The Australian National Maritime Museum, along with the Cultural Heritage Agency of the Netherlands, Silentworld Foundation and the Silentworld Robe Branch of the National Trust of South Australia, recently held a public presentation at the Robe Institute.

The following summary was published in the Robe Community News.

The groups launched a booklet as part of the ongoing Koning Willem de Tweede Shipwreck Project.

Titled ‘Wrecks and Relics: Looking After Maritime Archaeological Finds in the Robe Region’, the booklet discussed Dutch ties to Robe’s maritime past, the preservation and stabilisation of maritime cultural heritage, and pertinent State and Commonwealth heritage legislation.

Copies of the free booklet were handed out on the night and extra copies are available at the Robe Customs House.

Supper was provided by the Robe Branch National Trust featuring Dutch specialties for attendees to enjoy.

The following morning, a workshop on conserving and caring for archaeological artifacts took place at the Robe Customs House Maritime Museum.

Dr James Hunter from the project gave the approximately 50 attendees an update on what has been found so far, and what the next steps will be in their search for the wreck site.

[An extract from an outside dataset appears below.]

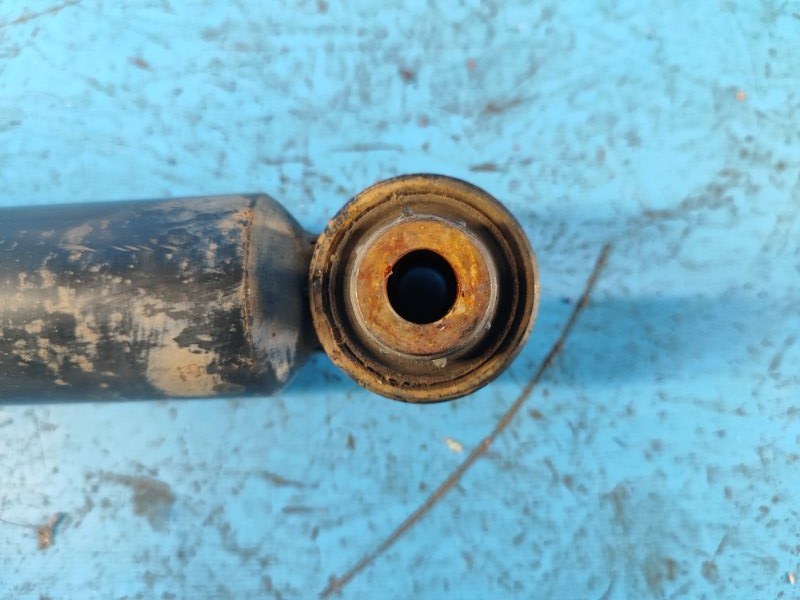 Амортизатор задний CT200 11-17 2012 1.8 2ZRFXE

The project’s primary goal is to search for, locate, and conduct an archaeological survey of the historic ship’s remains.

Additionally, the project team, in collaboration with the local community, aim to document any privately or publicly held items recovered from the wreck and offer conservation guidance for their future preservation.

Koning Willem de Tweede, an 800-ton Dutch barque, met its end off Guichen Bay’s Long Beach on June 30, 1857, resulting in the loss of 16 lives.

Just before this tragedy, over 400 Chinese miners en route to the gold fields in Bendigo and Ballarat, Victoria, disembarked from the vessel.

The Koning Willem de Tweede Shipwreck Project received support from the Dutch Ministry of Foreign Affairs, facilitated through the Embassy of the Kingdom of the Netherlands, Australia, and the Cultural Heritage Agency of the Netherlands.